Problem statement: Please return the lines below verbatim, beginning at the one that has "Keloz Pendant Lamp" and stopping after the one that has "Spitfire Art Paint By Numbers", and add no other lines.

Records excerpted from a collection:
=-=-=-=-=

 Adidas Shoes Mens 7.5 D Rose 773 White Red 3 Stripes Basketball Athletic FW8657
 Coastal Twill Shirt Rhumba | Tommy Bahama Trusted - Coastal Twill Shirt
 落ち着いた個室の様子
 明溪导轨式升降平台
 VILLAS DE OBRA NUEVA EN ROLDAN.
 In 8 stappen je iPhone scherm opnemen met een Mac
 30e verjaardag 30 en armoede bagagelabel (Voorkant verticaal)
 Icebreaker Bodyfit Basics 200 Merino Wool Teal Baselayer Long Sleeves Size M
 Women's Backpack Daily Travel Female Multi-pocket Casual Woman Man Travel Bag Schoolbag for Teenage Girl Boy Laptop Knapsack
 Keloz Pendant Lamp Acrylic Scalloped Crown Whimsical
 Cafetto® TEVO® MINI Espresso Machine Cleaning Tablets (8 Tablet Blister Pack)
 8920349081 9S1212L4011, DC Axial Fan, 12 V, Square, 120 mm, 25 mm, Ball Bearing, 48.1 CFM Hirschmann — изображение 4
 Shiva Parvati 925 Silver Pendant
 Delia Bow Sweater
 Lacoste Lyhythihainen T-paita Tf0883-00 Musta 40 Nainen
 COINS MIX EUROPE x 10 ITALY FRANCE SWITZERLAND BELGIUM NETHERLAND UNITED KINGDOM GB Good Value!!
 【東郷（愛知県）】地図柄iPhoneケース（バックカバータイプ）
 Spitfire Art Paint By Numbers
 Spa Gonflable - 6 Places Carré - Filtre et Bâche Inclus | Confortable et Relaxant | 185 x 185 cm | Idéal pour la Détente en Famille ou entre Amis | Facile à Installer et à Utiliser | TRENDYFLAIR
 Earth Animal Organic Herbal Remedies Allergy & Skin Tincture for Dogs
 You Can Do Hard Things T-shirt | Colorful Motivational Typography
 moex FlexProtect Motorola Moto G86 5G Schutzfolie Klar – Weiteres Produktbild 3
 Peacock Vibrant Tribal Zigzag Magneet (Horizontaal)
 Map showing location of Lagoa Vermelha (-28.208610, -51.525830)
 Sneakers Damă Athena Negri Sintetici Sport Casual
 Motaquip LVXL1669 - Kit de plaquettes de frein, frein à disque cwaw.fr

=-=-=-=-=

Output below:
 Keloz Pendant Lamp Acrylic Scalloped Crown Whimsical
 Cafetto® TEVO® MINI Espresso Machine Cleaning Tablets (8 Tablet Blister Pack)
 8920349081 9S1212L4011, DC Axial Fan, 12 V, Square, 120 mm, 25 mm, Ball Bearing, 48.1 CFM Hirschmann — изображение 4
 Shiva Parvati 925 Silver Pendant
 Delia Bow Sweater
 Lacoste Lyhythihainen T-paita Tf0883-00 Musta 40 Nainen
 COINS MIX EUROPE x 10 ITALY FRANCE SWITZERLAND BELGIUM NETHERLAND UNITED KINGDOM GB Good Value!!
 【東郷（愛知県）】地図柄iPhoneケース（バックカバータイプ）
 Spitfire Art Paint By Numbers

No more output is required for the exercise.